DATA FOR THIS EXERCISE:
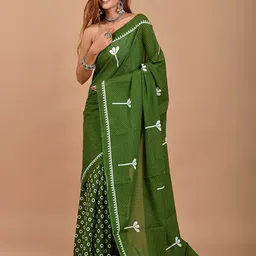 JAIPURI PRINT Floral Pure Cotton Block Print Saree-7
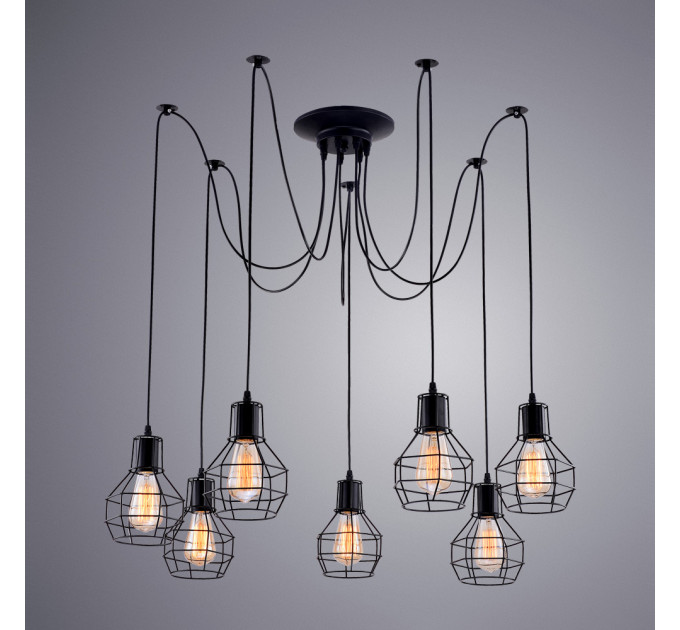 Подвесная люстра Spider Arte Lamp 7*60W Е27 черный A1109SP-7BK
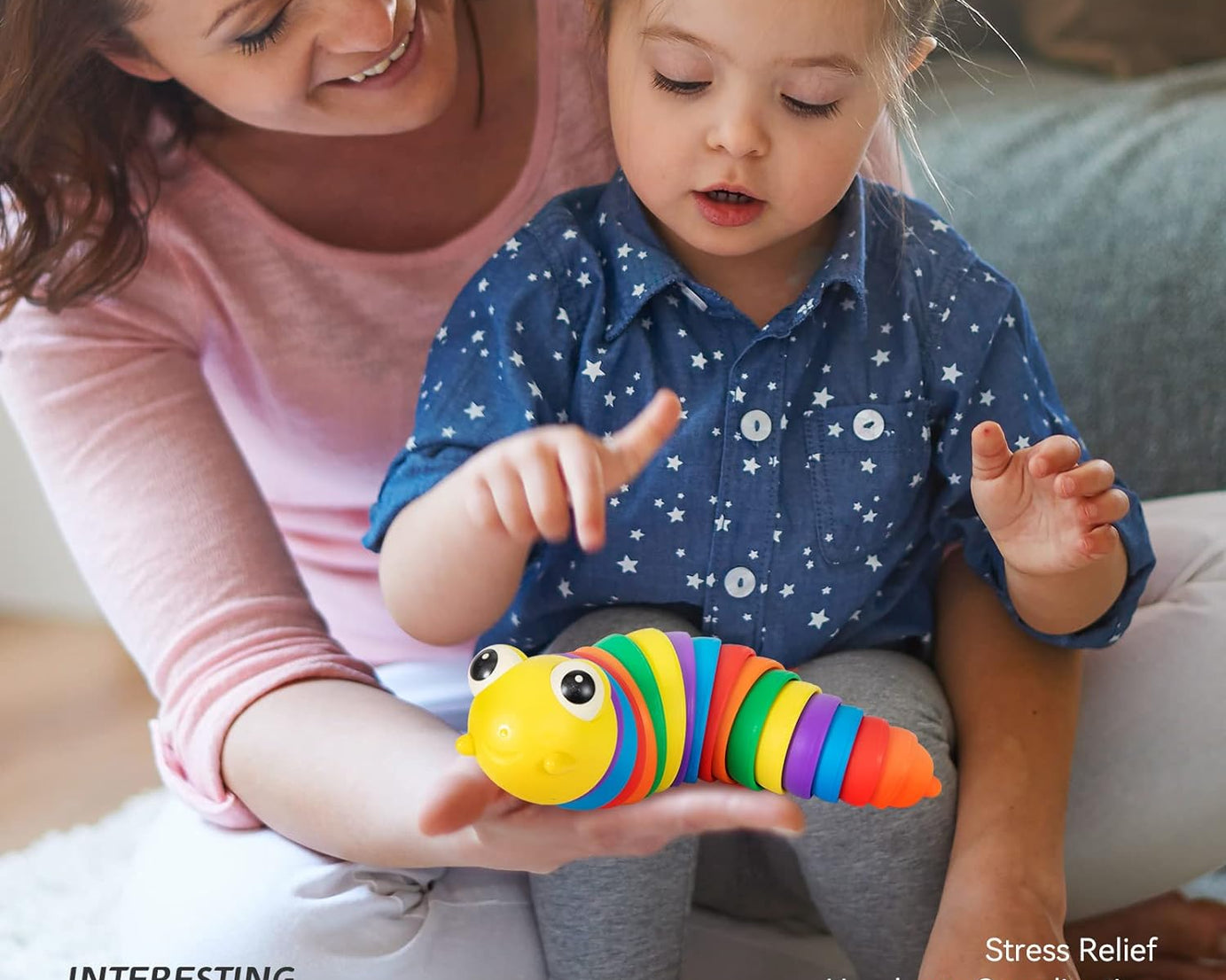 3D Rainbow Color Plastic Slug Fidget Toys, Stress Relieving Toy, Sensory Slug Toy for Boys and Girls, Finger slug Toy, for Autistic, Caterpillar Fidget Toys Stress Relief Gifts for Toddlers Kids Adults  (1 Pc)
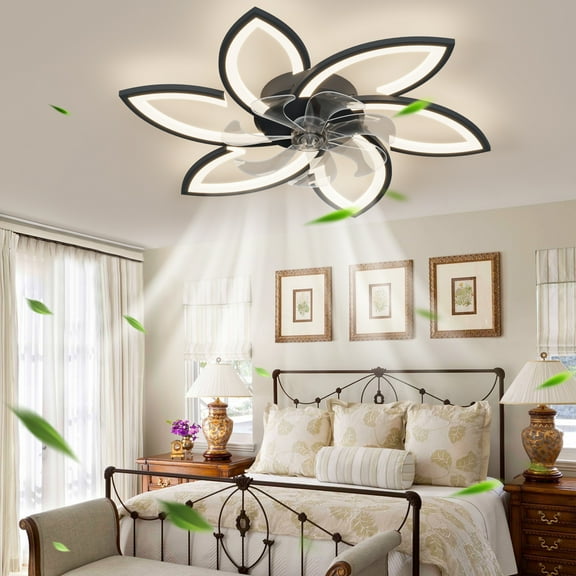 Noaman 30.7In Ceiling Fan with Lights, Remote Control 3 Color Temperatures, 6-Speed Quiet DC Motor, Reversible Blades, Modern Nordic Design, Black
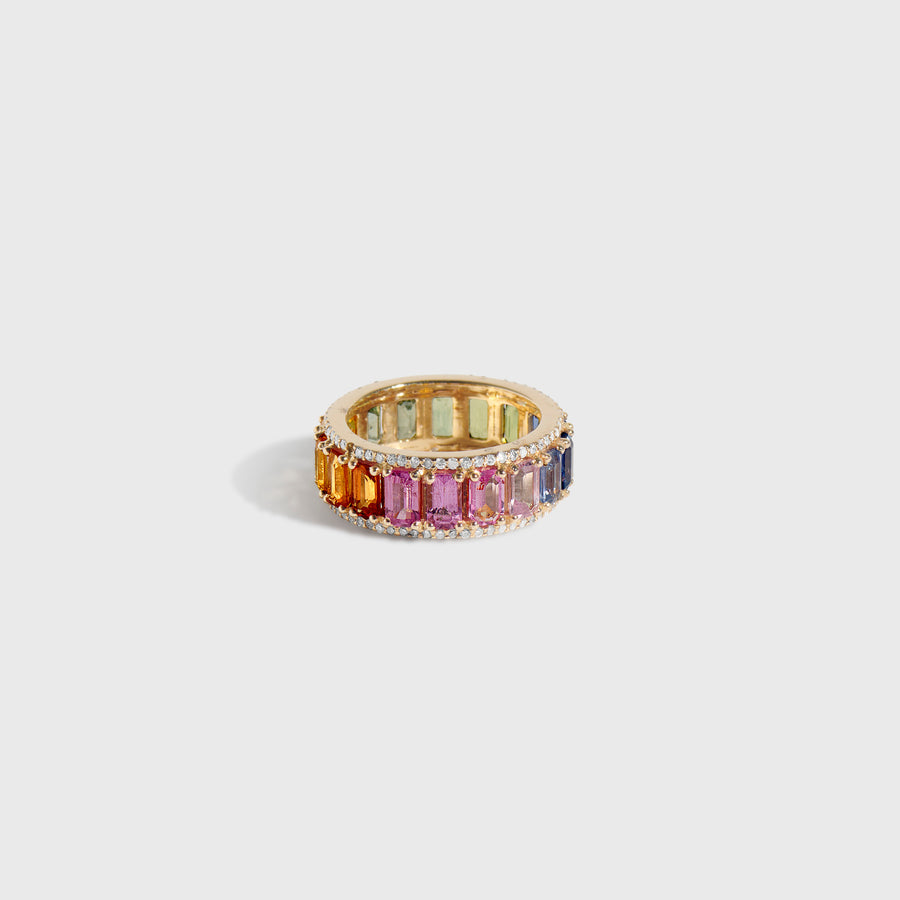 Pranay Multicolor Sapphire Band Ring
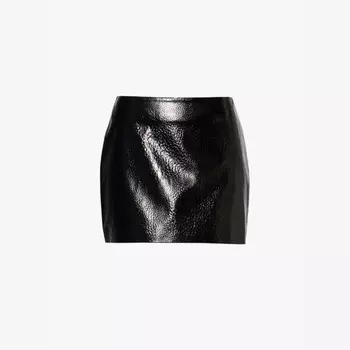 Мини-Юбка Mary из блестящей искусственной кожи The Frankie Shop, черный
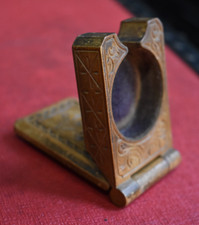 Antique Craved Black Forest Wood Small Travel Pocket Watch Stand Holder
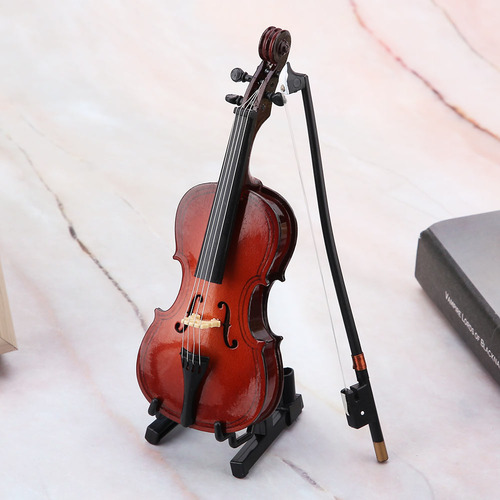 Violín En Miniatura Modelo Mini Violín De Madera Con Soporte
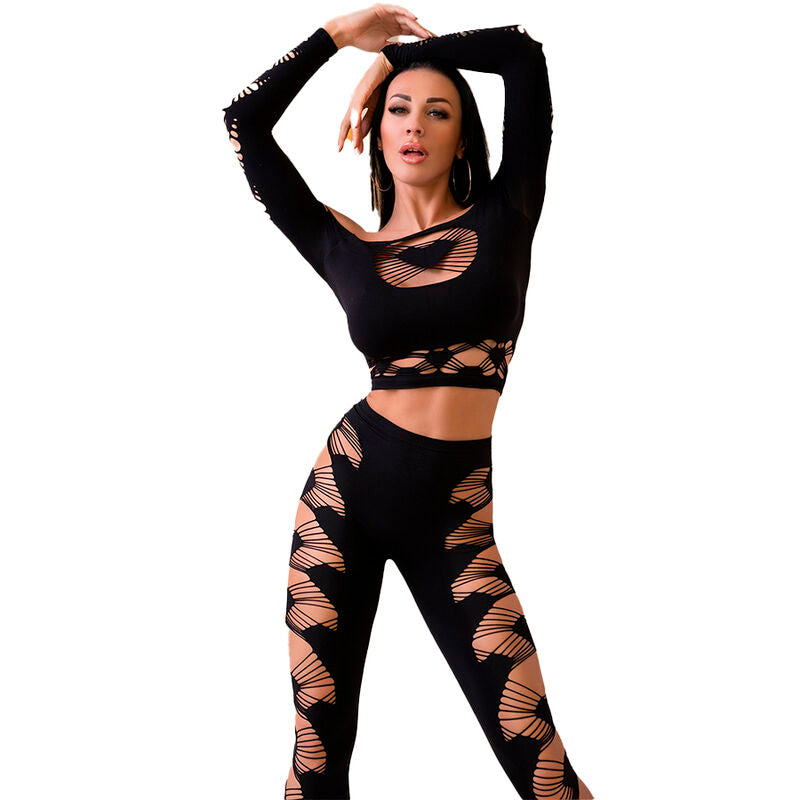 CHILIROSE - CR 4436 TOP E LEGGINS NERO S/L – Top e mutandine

PROBLEM DESCRIPTION: Please leave out the pictures while you copy exactly the lines from the one containing "Antique Craved Black" through the end of the records.

TASK OUTPUT:
 Antique Craved Black Forest Wood Small Travel Pocket Watch Stand Holder
 Violín En Miniatura Modelo Mini Violín De Madera Con Soporte
 CHILIROSE - CR 4436 TOP E LEGGINS NERO S/L – Top e mutandine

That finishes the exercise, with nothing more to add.